For walls, I've decided to go with 3.5" high, and 4.5" apart. This is tall enough to fit Cities of Death wall tiles, but not so tall as to make moving the figures around difficult. The width gives me an inch on either side of the squares to fill with details and little set pieces.
Design Issue Two: Materials
This one was pretty simple- The "shells" which hold everything will be made from 1/4" black acrylic. It's a bit spendy, but styrene glue is compatible with it, so I'll be able to glue the acrylic pieces together easily, as well as glue all the detailing bits directly to it without having to rely on CA glue or epoxy. And because it's intrinsically colored, I won't have to paint the outsides of the sections to make them look nice. The savings in time and effort outweigh the cost. I have considered creating some sort of stenciled pattern on the outsides of the sections using a sandblaster, but we'll see. If I'm happy with the look of the plain shiny black, I'll probably just leave it that way.

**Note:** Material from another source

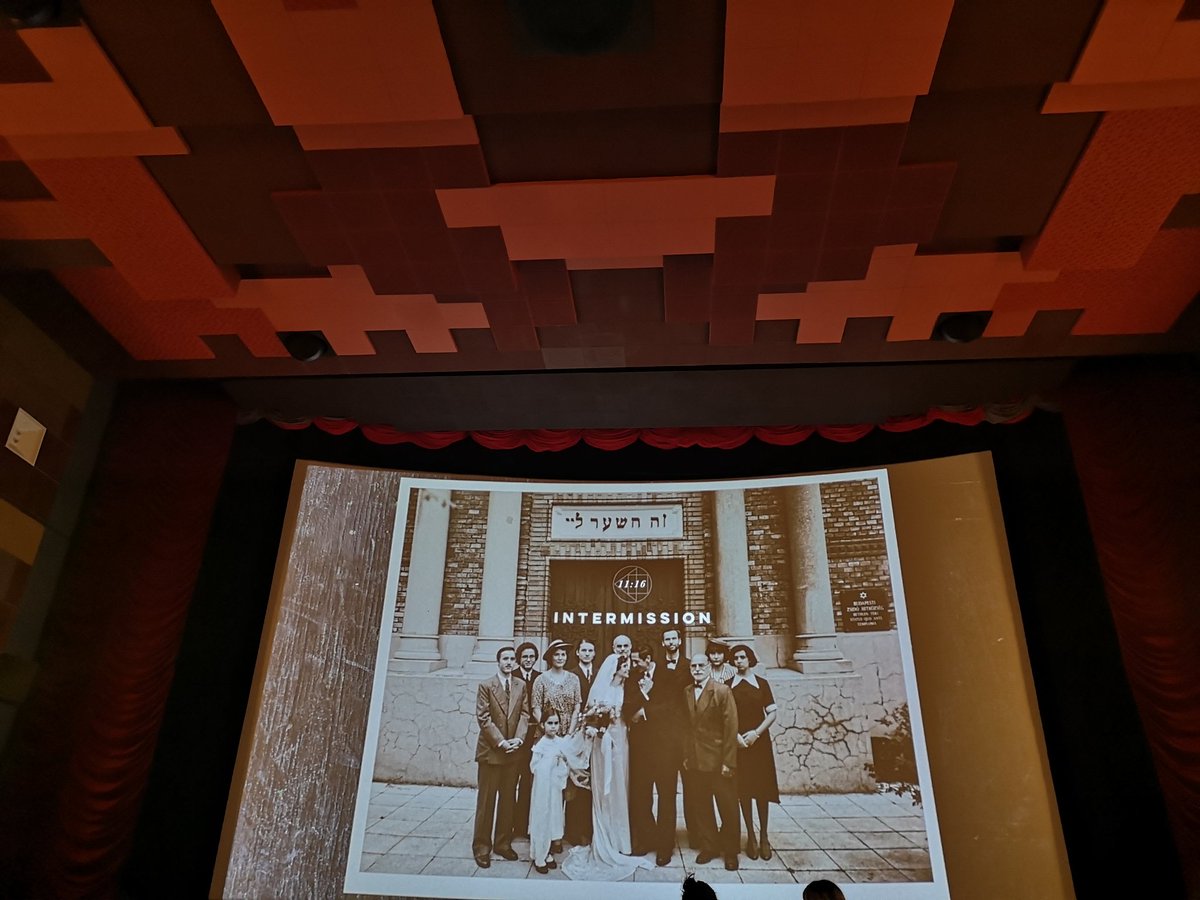 kopfaerztin's tweet photo. Pause macht man ja auch viel zu selten. #Halfwaythrough #TheBrutalist #Viennale #Viennale24 https://t.co/c7tcYoxbEC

I'll likely also create some patterns for many parts, and cast them in resin. The square tiles are an obvious candidate for that, as I'll need a lot of them, and it's not so bad if they're all pretty similar. I will still likely create a few different designs, as well as some non-resin custom ones, to break things up and add interest. The walls will be covered in a combination of GW Cities of Death terrain pieces, styrene bits, and whatever other odds and ends I come up with.
Design Issue Three: Doors
My ideas for doors have already gone through several iterations. My initial idea was to have slots modeled into the sections where needed, into which the door panels would be inserted. I would use magnets in the doors and the frames, so that when a door is opened by sliding it up in the frame, the magnets would hold it in place. However, once I started designing things, two problems presented themselves.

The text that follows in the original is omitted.